Sabtu, 19 Juli 2014

Bukan tentang Kemenangan. Ini tentang Nilai dan Keseimbangan

~Bukan tentang Kemenangan. Ini tentang Nilai dan Keseimbangan~
Oleh Prayudhi Azwar


Menyikapi kekalahan itu teramat mudah. Sangat ringan bagi hati. Ketika simpati dan empati kita terhadap seseorang semata didasari pembelaan kita terhadap nilai kebaikan. Terhadap kesimbangan hidup.

Seperti terhadap Jokowi-Ahok (J-A). Itu pembelaan kita menentang kezaliman isu agama dan non-pribumi, yang mengalahkan nilai merit system. Nilai yang dibutuhkan pemimpin efektif menjalankan roda pemerintahan. Meski saat itu, survey LSI 8 April 2012, meyakinkan kita pasangan ini akan kalah karena elektabilitas hanya 14,4%, kita tidak peduli. Elektabilitas incumbent, Foke-Nara, yang mencapai 49,1%, jauh melampaui syarat 30% untuk menang, tidak sedikitpun membuat nyali menciut. Karena pembelaan atas nilai dan keseimbangan hidup, mengalahkan hitungan menang-kalah.

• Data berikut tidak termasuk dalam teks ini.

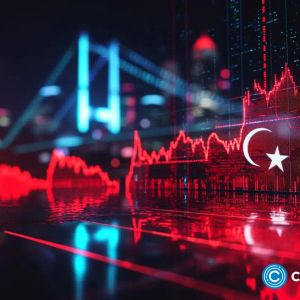 Binance’s USDT pair with Turkish lira sees largest amplitude since 2024 after key Erdogan rival detained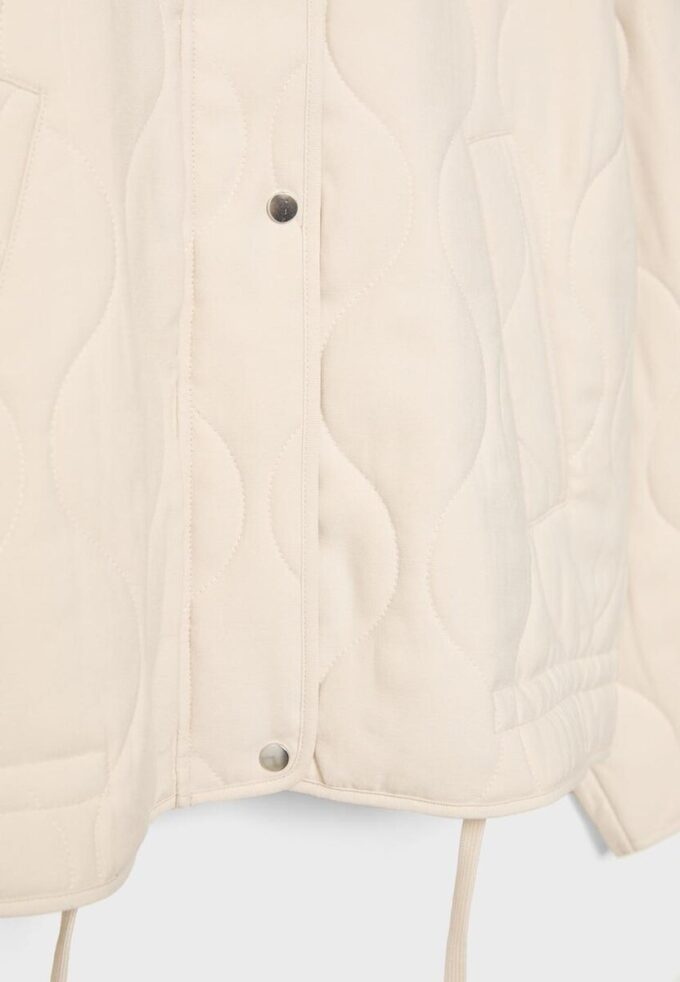 Daunenjacke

Dalam konvensi suatu partai, membela Dahlan Iskan semata demi memulihkan ketidakseimbangan dalam ekspos media. Kurangnya pujian atas prestasinya yang monumental di PLN dan BUMN. Tergantikan tuduhan miring salah fakta tentangnya. Meski secara nasional elektabilitasnya tak lebih dari 10%, tapi kembali hati tak peduli itu. Mengusungnya adalah dorongan alami bagi yang merindukan keseimbangan. Dalam ikhtiar itu telah terkandung satu esensi kemenangan: kepuasan di jiwa.

Demikian juga kini. Simpati dan empati terhadap Prabowo Subianto (PSD) adalah ikhtiar alami nurani. Ikhtiar mengembalikan martabat dan kehormatan seorang putra bangsa, yang telalu lama dinistakan. Didera beragam isu daur ulang: HAM, utang triliunan, psikopat, mendekati gila, brutal, dlsb. Padahal rekam jejaknya bicara berbeda. Lulusan terbaik Akabri 1974. Komandan Kopasus 08, paling dicintai dengan rekam jejak fenomenal. Telah lolos ikut konvensi capres satu partai besar tahun 2004. Pernah diusung cawapres partai besar lainnya tahun 2009. Bahkan dijanjikan diatas materai di Batu Tulis sebagai capres 2014. Telah dua kali lolos screening kesehatan fisik, jiwa dan mental oleh tim dokter terbaik di Republik ini. Sudah dua kali lolos seleksi KPU, sang wasit legal, bebas lilitan utang atau pelanggaran hukum dan lainnya.

Karenanya, pembelaan terhadap PSD ini tidak sedangkal persoalan kalah-menang. Tak surut, meski elektabilitasnya saat itu tertinggal jauh, 20-30%. Karena nurani tak peduli itu. Kalah atau menang bukan urusan. Nurani mendesak hati bersuara membela sosok yang paling terzalimi. Mendesak tangan menorehkan empati. Melancarkan kata menyuarakan nilai dan rasa kemanusiaan. Menyemangati hati mengembalikan nama baik dan kehormatan salah satu putra terbaik nusantara ini.

Maka andai PSD tidak jadi presiden, hati tetap menyimpan bahagia. Tidak akan ruang bagi sesal apalagi bagi sedih dan kecewa. Sebab memperjuangkan keseimbangan, membela nilai kebaikan, adalah kemenangan hidup itu sendiri. Itulah kemenangan hakiki di hati para pencinta kemanusiaan sejati.

Jika akhirnya KPU resmi mengumumkan teladan ini memenangi pilpres?
Itupun bukan esensinya.
Itu hanya taburan bumbu-bumbu penyedap rasa belaka.